* [Task item]: Could you give back exactly the lines below from the one with "1piece Universal modification" through the one with "PAPEL DE REGALO", without a single picture?

* [Exercise inputs]:
————

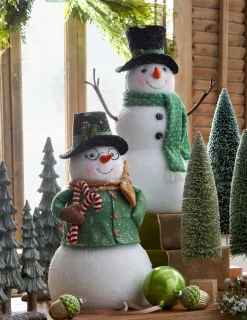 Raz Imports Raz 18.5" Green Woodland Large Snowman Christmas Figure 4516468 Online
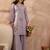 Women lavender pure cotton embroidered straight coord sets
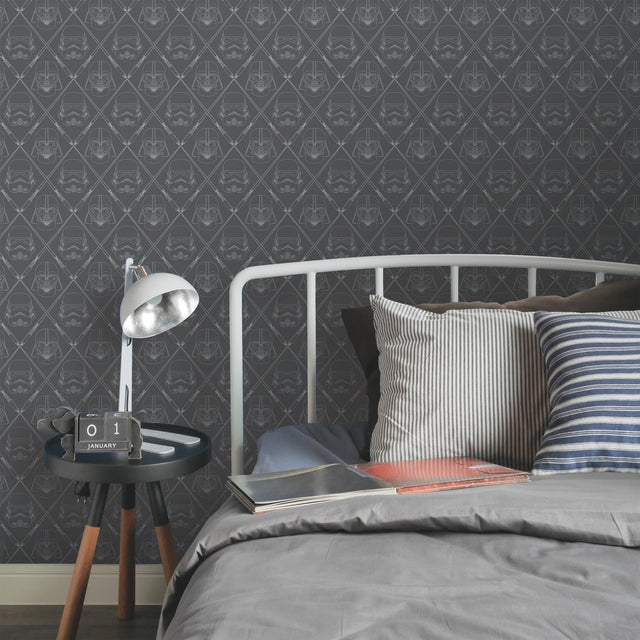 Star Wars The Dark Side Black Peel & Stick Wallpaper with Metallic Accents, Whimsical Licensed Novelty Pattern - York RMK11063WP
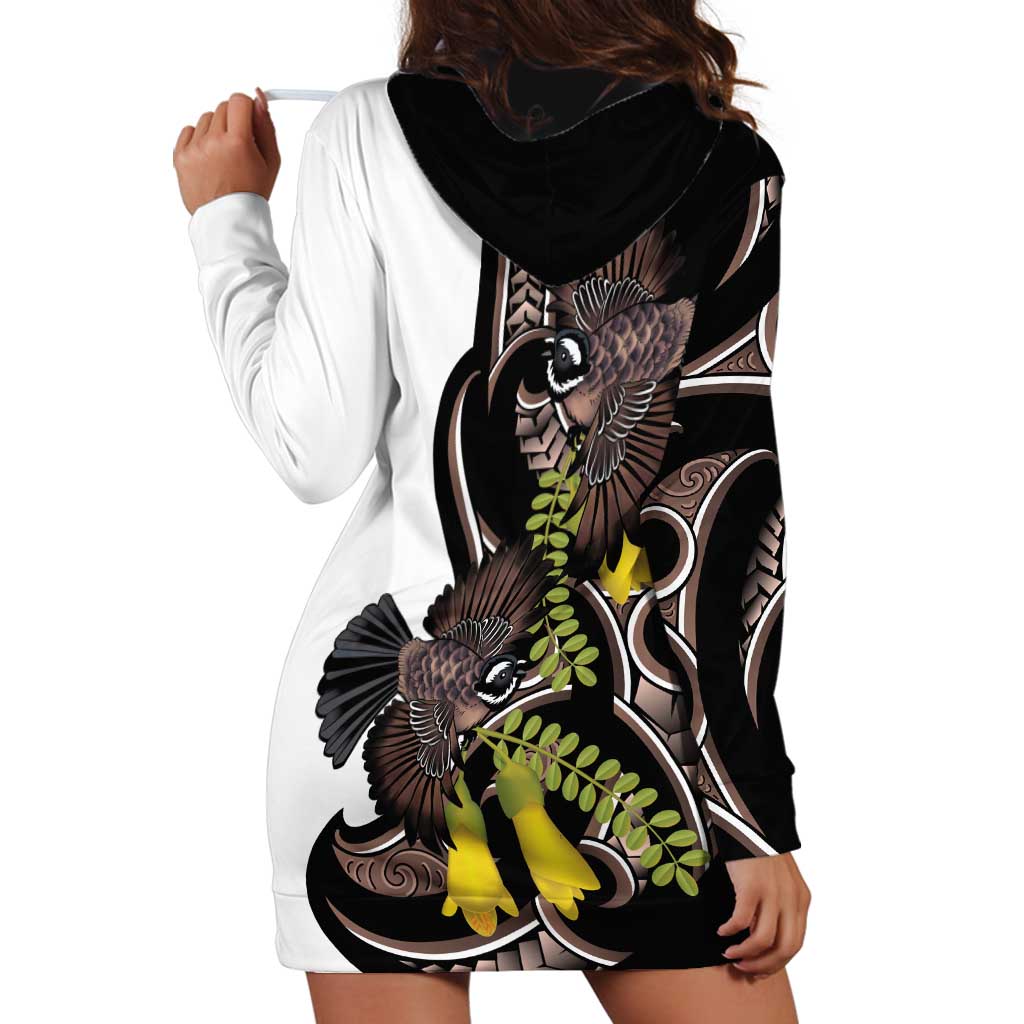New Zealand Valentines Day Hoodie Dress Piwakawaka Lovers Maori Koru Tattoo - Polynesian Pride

————

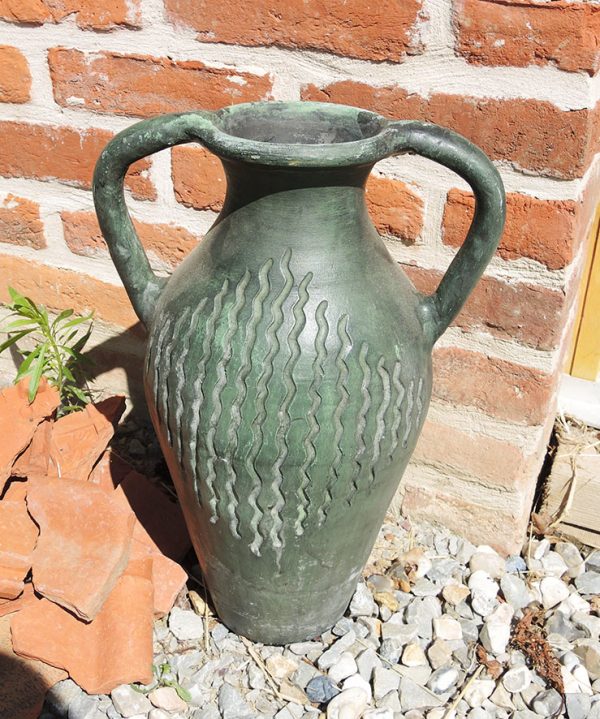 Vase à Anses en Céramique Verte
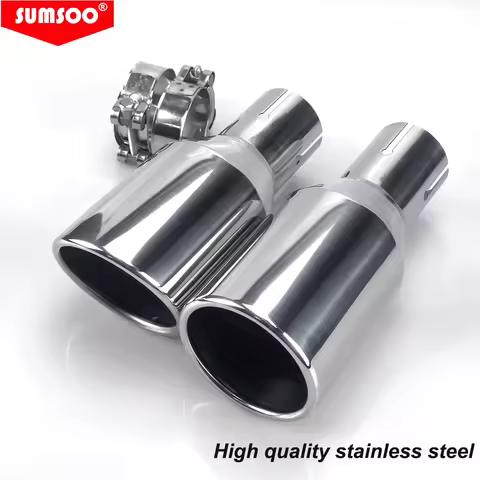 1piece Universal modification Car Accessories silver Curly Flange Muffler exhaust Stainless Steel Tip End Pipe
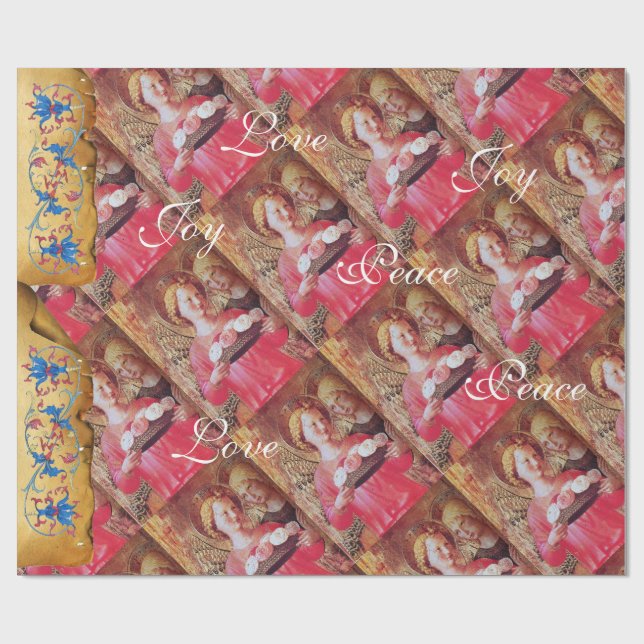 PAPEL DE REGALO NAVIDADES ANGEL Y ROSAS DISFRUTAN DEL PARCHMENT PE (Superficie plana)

————

* [Output of the task]:
 1piece Universal modification Car Accessories silver Curly Flange Muffler exhaust Stainless Steel Tip End Pipe
 PAPEL DE REGALO NAVIDADES ANGEL Y ROSAS DISFRUTAN DEL PARCHMENT PE (Superficie plana)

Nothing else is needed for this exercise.